* **RECORDED INFORMATION**:

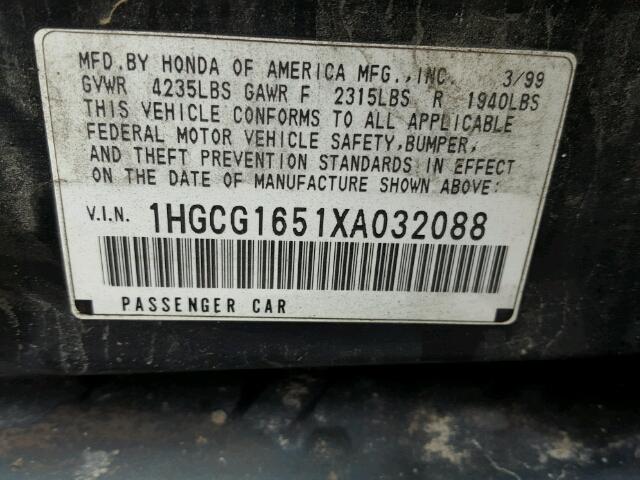 1HGCG1651XA032088 - 1999 HONDA ACCORD EX GREEN photo 10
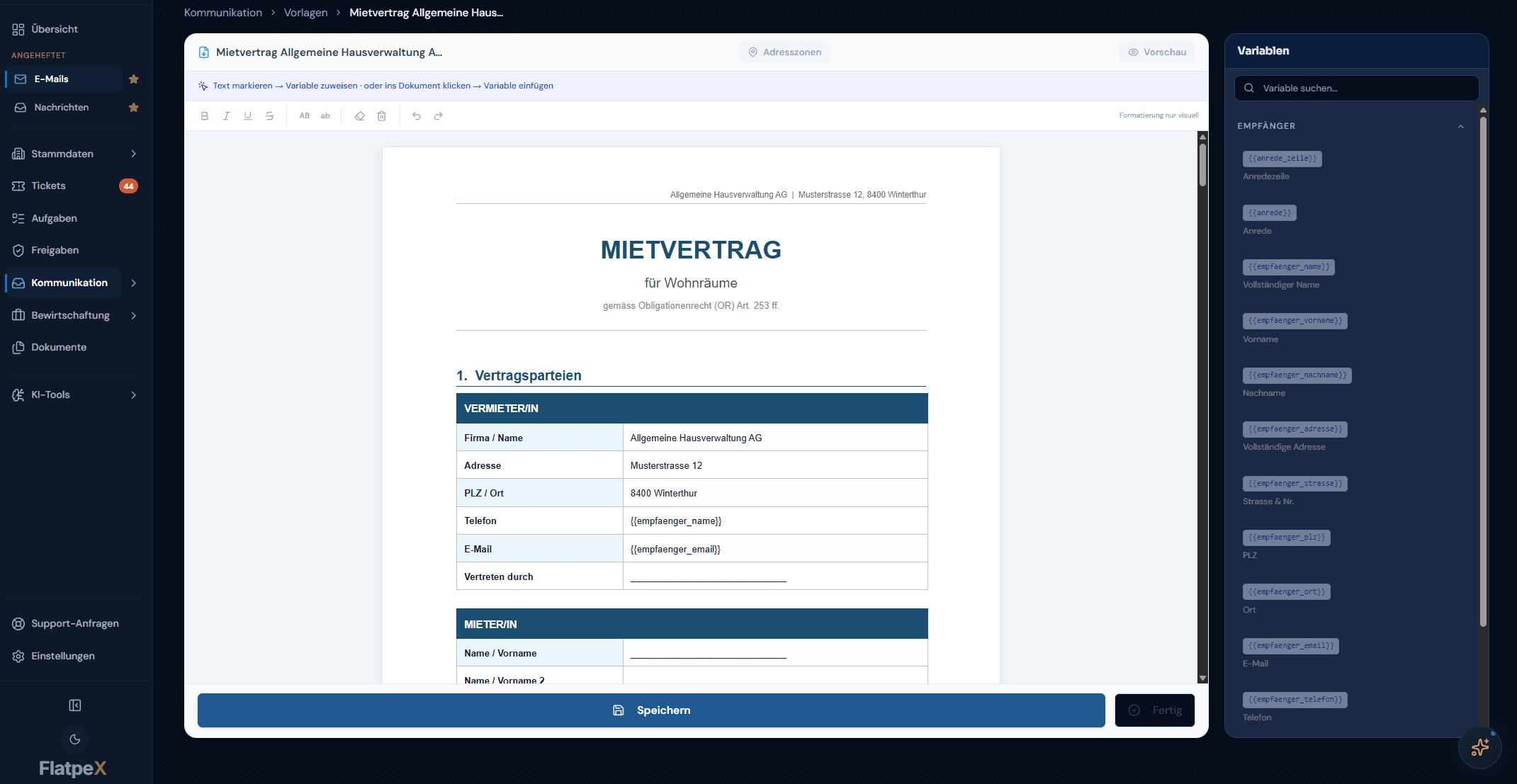 Vorlagen, Korrespondenz und Serienversand in FlatpeX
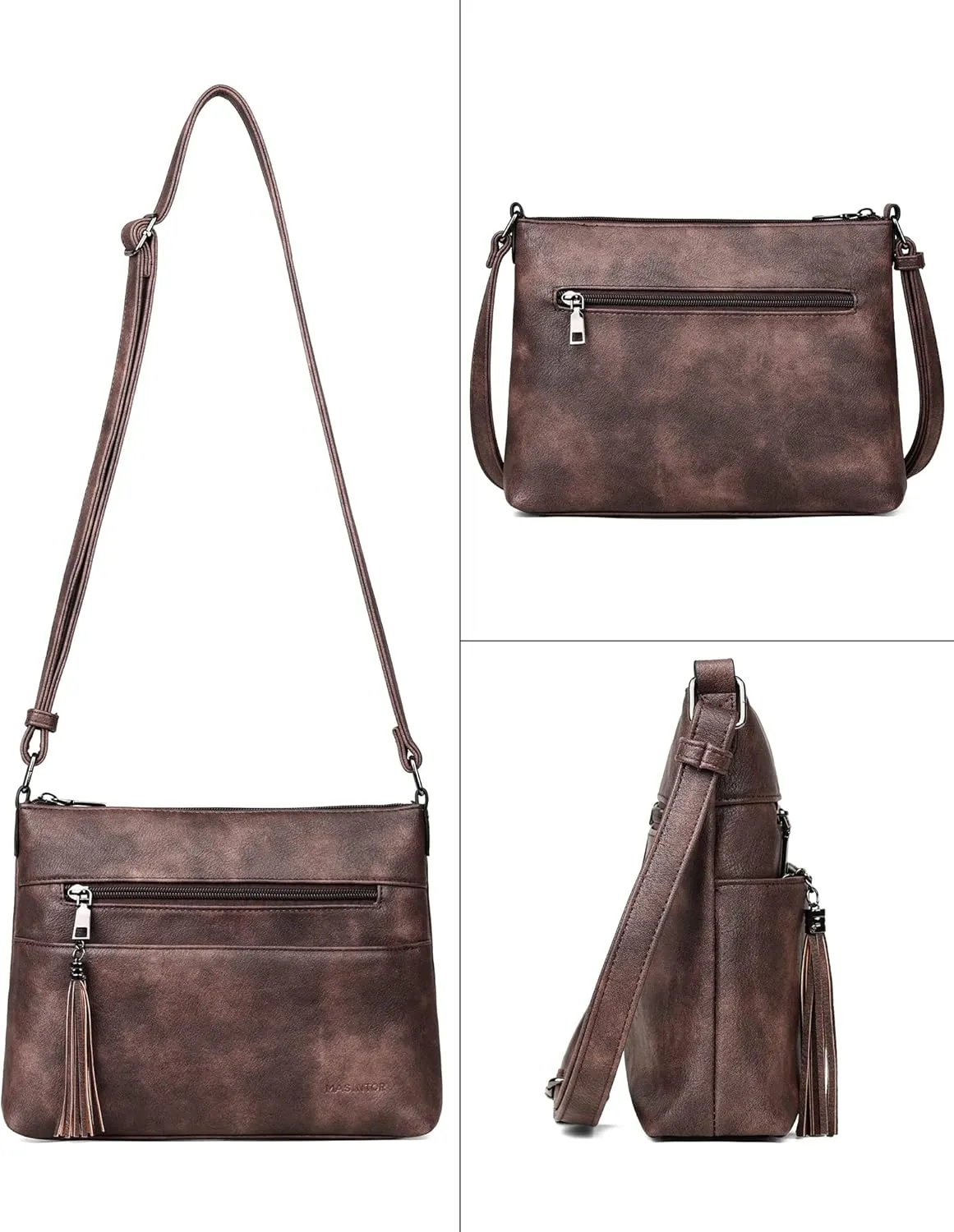 MASINTOR Crossbody Bags for Women, Lightweight Medium Crossbody Purse, Soft Leather Women's Shoulder Handbags with Tassel for Shopping or Travel
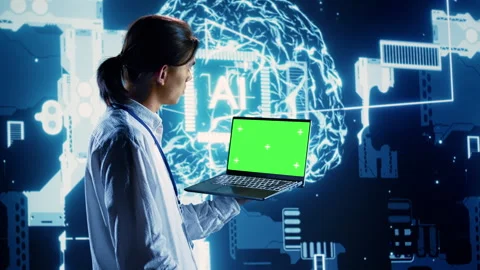 Programmer uses chroma key laptop for AI Stock Footage 249020298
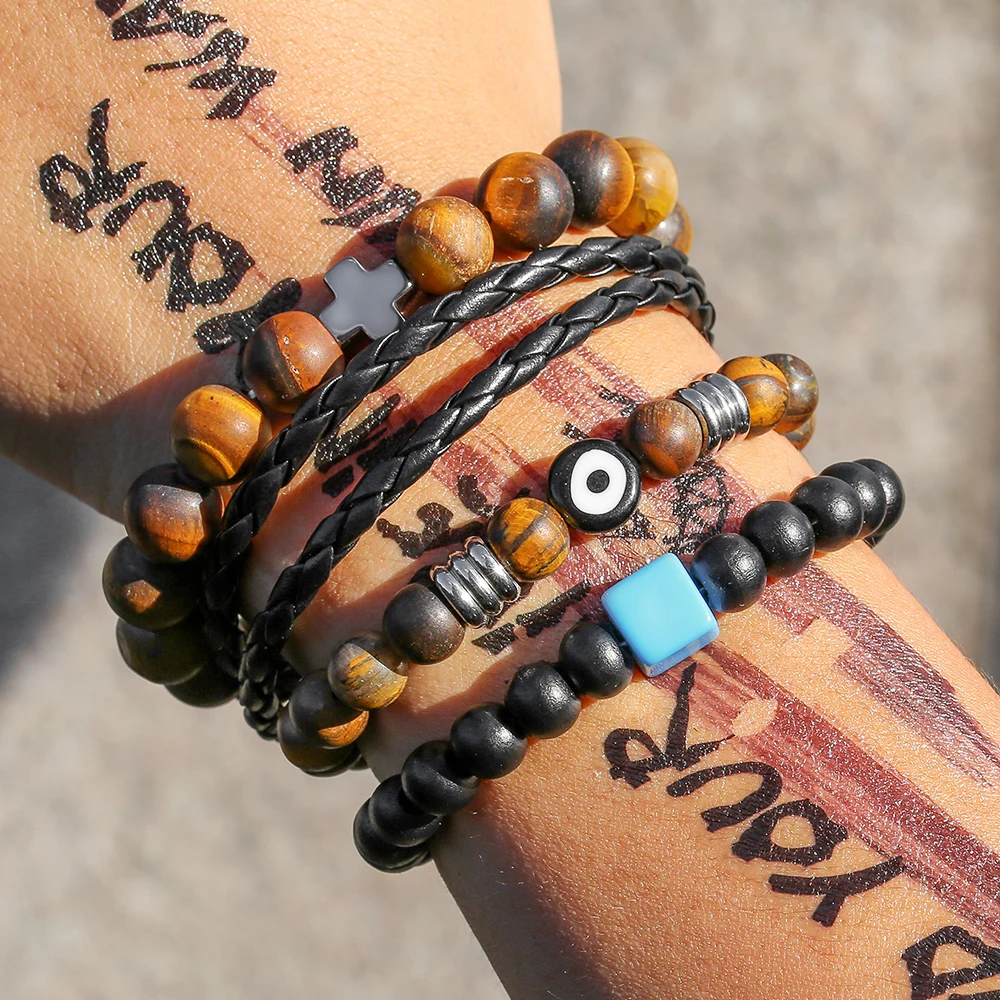 

Vintage Ethnic Style Beaded Bracelet For Men Bohemian Square Natural Stone Cross Eye Leather Bangle Gifts For Friend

* **WORK TO COMPLETE**:
Repeat exactly the lines from the first line of the records above through the line containing "MASINTOR Crossbody Bags", leaving out the pictures.

* **SOLUTION**:
 1HGCG1651XA032088 - 1999 HONDA ACCORD EX GREEN photo 10
 Vorlagen, Korrespondenz und Serienversand in FlatpeX
 MASINTOR Crossbody Bags for Women, Lightweight Medium Crossbody Purse, Soft Leather Women's Shoulder Handbags with Tassel for Shopping or Travel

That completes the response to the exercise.